Typically, corporations are not allowed to buy back their own stock during the opening minutes of trading on the stock exchanges. It is likely that requirement was waived when the market reopened on September 17, 2001 according to O’Neill’s statement at the Senate Banking hearing.

On April 14, 2002 – seven long months after 9/11 – the public finally found out what Eliot Spitzer knew about how the public had been hosed by the iconic investment banks on Wall Street. Spitzer released an affidavit he had filed with the New York State Supreme Court which indicated that his investigation had commenced in June of 2001.

The New Yorker’s John Cassidy perfectly described the mess that Greenspan and the Bill Clinton administration had ushered in by getting Congress to repeal the Glass-Steagall Act, which had separated banks holding insured deposits from the trading and underwriting firms on Wall Street:

“Long-standing restrictions on the financial industry were relaxed, allowing firms of all kinds to join together. Union Bank of Switzerland acquired PaineWebber; Salomon merged with Smith Barney, which was owned by Travelers Group, which then merged with Citicorp. These deals, and many more like them, blurred the traditional line between retail brokerages, such as Merrill Lynch and Dean Witter, which catered principally to the investing public, and investment banks, like Morgan Stanley and Goldman Sachs, which dealt primarily with corporations. The new all-purpose financial supermarkets that resulted from the merger wave, such as Citigroup, J. P. Morgan Chase, and Morgan Stanley Dean Witter, were, in the words of Paul Volcker, a former chairman of the Federal Reserve Board, ‘bundles of conflicts of interests.’ ”
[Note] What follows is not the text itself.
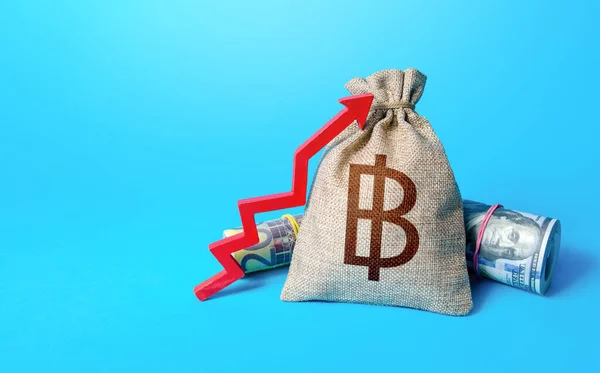 Thai baht money bag and red up arrow. Economic growth, GDP. Rise in profits, budget fees. Increase in the deposit rate. Inflation acceleration. Investments. Increase income and business efficiency.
Spitzer’s office would later uncover thousands of emails at Salomon Smith Barney, the investment bank and retail brokerage arm of Wall Street banking behemoth, Citigroup, showing that in 2000 and 2001, prior to 9/11, retail brokers at Salomon Smith Barney were livid at Jack Grubman, the telecommunications analyst that had issued buy ratings on startups that repeatedly crashed and burned. One broker wrote in an email that Grubman was “an investment bank whore.” One email from Grubman explained the corrupt scheme in simple terms: “Most of our banking clients are going to zero and you know I wanted to downgrade them months ago but got huge pushback from banking.”

At some of the biggest banks on Wall Street, research analysts were telling the public to buy, buy, buy while secretly emailing their colleagues that the companies were “crap,” “junk” or a “piece of sh*t,” as illustrated by the emails released by Spitzer.

In April 2003, 10 of the banks investigated settled charges for $1.4 billion – marking the beginning of an era of massive fines and little meaningful change on Wall Street. The heads of the divisions that oversaw this massive fraud were never prosecuted. PBS reported the slaps on the wrist as follows:

“Two of the most well known analysts, who came to symbolize the conflicts of interest of the 1990s bull market, were fined and banned for life from the securities industry. Henry Blodget of Merrill Lynch was ordered to pay $4 million in fines and Jack Grubman of Salomon Smith Barney was ordered to pay $15 million as part of the terms of the settlement. In addition, Sanford I. Weill, CEO of Citigroup, was banned from talking to his firm’s analysts about their research outside of the presence of company lawyers.”

Weill walked away from Citigroup with compensation that had made him a billionaire. Grubman paid $15 million in fines but his compensation at Citigroup’s Salomon Smith Barney had “exceeded $67.5 million, including his multi-million dollar severance package” according to the SEC. (Note that on Wall Street one gets a severance package for fraud.) Blodget went on to found the financial news web site, “Business Insider,” which was sold last year for $343 million, a nice share of which Blodget will keep.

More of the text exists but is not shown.